Un momento después la luz se extinguió. ¿Estábamos en el jardín entonces? Pero los árboles se removían para atrapar el último rayo de sol. Tan bello, tan extraño, hundiéndose lentamente bajo la superficie: el rayo que buscaba siempre se apagaba detrás del cristal. El cristal era la muerte; la muerte estaba entre nosotros; alcanzó a la mujer primero, hacía cientos de años. La casa quedó vacía, las ventanas selladas, las habitaciones oscuras. La dejó, se fue hacia el norte, hacia el este, vio salir a las estrellas en el cielo del sur; buscó la casa, la encontró abandonada bajo las colinas. «A salvo, a salvo, a salvo», el pulso de la casa latía con alegría. «El tesoro es tuyo».
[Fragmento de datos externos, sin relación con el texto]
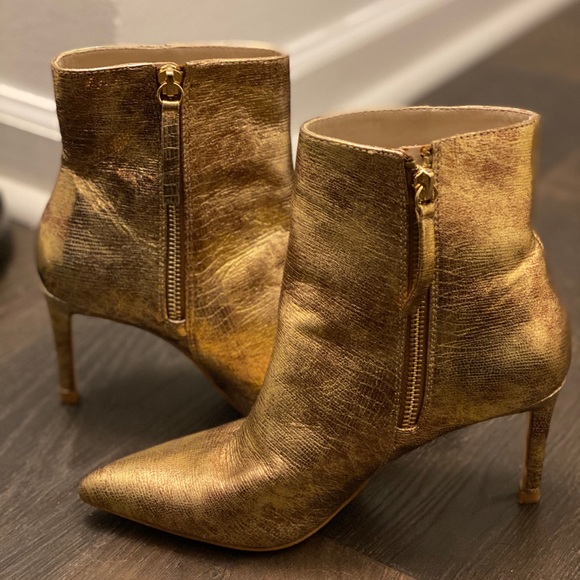 zara gold boots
El viento ruge por la avenida. Los árboles se balancean de un lado al otro. Los rayos de luna caen intensos sobre la lluvia. Pero la luz de la lámpara cae directo desde la ventana. La vela arde recta, inmóvil. Deambulan por la casa, abren las ventanas, susurran para no despertarnos, la pareja de fantasmas busca su contento.
«Aquí dormíamos», dijo ella. Y él agregó, «besos infinitos». «Caminar por la mañana». «El plateado entre los árboles». «Arriba». «En el jardín». «Al llegar el verano». «Durante las nevadas de invierno».
Las puertas se cierran a la distancia, despacio, como el latido de un corazón.
Se acercan; se detienen en la entrada. El viento sopla, las plateadas gotas de lluvia se deslizan por la ventana. Nuestros ojos se oscurecen; no escuchamos pasos detrás; no vemos ninguna mujer extender su manto fantasmal. Él lleva la linterna. «Mira», susurra él, «profundamente dormida. Hay amor en sus labios».
Inclinándose, cargando la lámpara plateada sobre nosotros, nos miran durante un largo rato. El viento sopla fuerte; la vela se inclina apenas. Salvajes rayos de luna cruzan el suelo y la pared y, al chocarse, iluminan los rostros inclinados; los rostros cavilosos, los rostros que buscan a los durmientes y a su felicidad escondida.
«A salvo, a salvo, a salvo», el corazón de la casa late orgulloso. «Tantos años», susurra él, «y me has vuelto a encontrar». «Aquí», murmura ella, «durmiendo; en el jardín, leyendo, riendo, llevando las manzanas al altillo. Aquí dejamos nuestro tesoro». Inclinados, sus luces me hicieron abrir los ojos. «¡A salvo, a salvo, a salvo!». El pulso de la casa late con fuerza. Me despierto y digo «Oh, ¿es éste su tesoro enterrado? La luz del corazón».